印象に残っている生徒さんの一人で、大手銀行にお勤めの女性がいらっしゃいました。その方はずいぶん長いこと、ネイティブの英会話学校に通っていらしたんですが、全然伸びない。イーオンにいらしたときは、TOEIC®のスコアが400点ぐらいでした。でも会社の上司からは、1年以内に730点とるように命じられていたようです。ならば日本人の先生がいいんじゃないかというカウンセラーのアドバイスもあって、私が受け持つことになりました。

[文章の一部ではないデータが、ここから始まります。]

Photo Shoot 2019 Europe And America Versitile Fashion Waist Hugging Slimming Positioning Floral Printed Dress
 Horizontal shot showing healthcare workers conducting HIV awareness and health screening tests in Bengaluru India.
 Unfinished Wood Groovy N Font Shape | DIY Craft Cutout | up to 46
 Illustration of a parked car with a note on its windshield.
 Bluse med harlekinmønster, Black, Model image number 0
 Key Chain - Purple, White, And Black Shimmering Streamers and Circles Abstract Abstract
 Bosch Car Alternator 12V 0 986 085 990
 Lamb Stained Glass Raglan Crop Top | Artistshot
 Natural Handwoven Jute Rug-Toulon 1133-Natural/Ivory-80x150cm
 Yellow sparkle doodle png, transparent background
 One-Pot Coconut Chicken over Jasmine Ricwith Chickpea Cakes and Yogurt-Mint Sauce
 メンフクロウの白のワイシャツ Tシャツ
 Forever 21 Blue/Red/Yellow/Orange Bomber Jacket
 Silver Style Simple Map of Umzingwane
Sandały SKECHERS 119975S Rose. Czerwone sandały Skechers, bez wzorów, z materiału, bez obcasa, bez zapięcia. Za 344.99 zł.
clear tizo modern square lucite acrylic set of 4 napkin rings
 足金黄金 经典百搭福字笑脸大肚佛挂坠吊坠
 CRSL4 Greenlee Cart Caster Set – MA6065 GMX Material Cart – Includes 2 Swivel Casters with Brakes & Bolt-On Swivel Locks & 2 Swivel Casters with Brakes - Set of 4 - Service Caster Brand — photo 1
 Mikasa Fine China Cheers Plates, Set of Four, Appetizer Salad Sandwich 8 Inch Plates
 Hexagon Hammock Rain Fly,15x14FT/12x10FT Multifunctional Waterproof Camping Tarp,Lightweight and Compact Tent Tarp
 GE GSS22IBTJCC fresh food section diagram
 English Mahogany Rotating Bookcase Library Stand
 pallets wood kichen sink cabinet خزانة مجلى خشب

いざ彼女とのプライベートレッスンが始まってみると、本当に質問が多い。細かいニュアンスがわからなくて、これはどうですか、あれはどうなるんですか、とレッスン中は質問の嵐。おそらくネイティブの先生には、ここまで質問できなかったんでしょうね。

あやふやだった基礎的な文法はすべて日本語で理解し、いちから積み上げていくことで、彼女の英語力はぐんぐん伸びていきました。

レッスンでは細かいニュアンスを説明し、会話を練習し、自宅では『CNN ENGLISH EXPRESS』をやってもらいました。シャドーイングやオーバーラッピングなど速さについていく練習をしてもらうためです。

そうすると、なんと3、4カ月でTOEIC®のスコアが730点を超えたんです。

やはり細かいニュアンスは、日本語で説明されないと、わからないままなんですね。ネイティブの先生に聞いてわかるなら、それはすでに高いレベルに達しているということ。そこまでいかないなら、まずは日本人の先生から教わるほうがいい。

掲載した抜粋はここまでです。